Пушистые наросты мерцали неровно, к бутылкам — сильнее и чище. Может, яркие пятна, списанные мною на искажения от водных 'линз', на деле вызваны инфо-зарядами жидкости? Вот один кувшин — яркий, почти совсем белый; другой — голубоватая бирюза (наверное, учебник); третий — жёлто-зелёный... А у пола — целое зарево сплошь красных и огненно-рыжих языков. Справочники! Тогда чистый лист должен ничем не подсвечиваться.
Внимательный взгляд отыскал парочку тусклых пузырей, но, как назло, все они размещались высоко, рукой не дотянешься. И ступеньку-то не из чего сделать: единственная мебель в комнате — кресло хозяина. Требовался предмет подлиннее. За ним я и попросился в коридор — и уже ступая в проём двери, заметил, что Вигитт не сводит с меня умных светло-серых глаз.
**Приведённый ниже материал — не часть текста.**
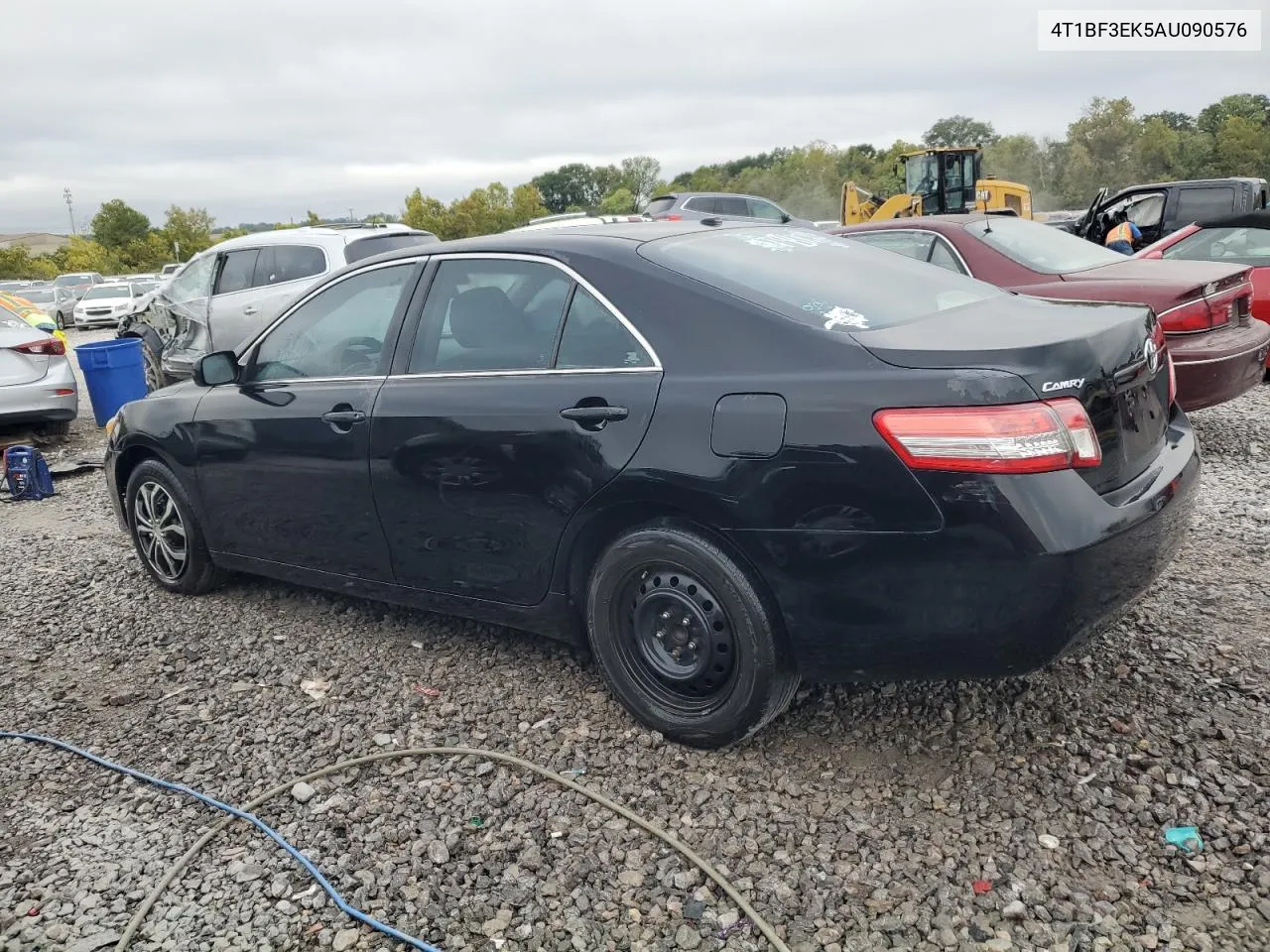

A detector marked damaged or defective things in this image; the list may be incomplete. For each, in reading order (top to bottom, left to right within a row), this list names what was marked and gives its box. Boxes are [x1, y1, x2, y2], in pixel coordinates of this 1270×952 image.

damaged vehicle [119, 222, 439, 391]
damaged vehicle [104, 219, 1199, 746]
Вылазка из 'библиотеки' длилась недолго: в закутке возле синей комнаты я прибрал к рукам швабру с длинной ручкой и немного проволоки для создания самодельного ухвата, на который и намеревался поймать 'лист'. Пошла в ход и запасная одежда — чтобы сосуд случайно не сорвался с хлипкого 'крана', а попал в кожистый мешок как в сачок. Пришлось изрядно повозиться, но опыт грабельно-леечного общения с крысоловкой дал неплохие плоды: в конце концов приспособление выглядело очень похоже на моё представление о нём и вполне выдерживало удар кулаком.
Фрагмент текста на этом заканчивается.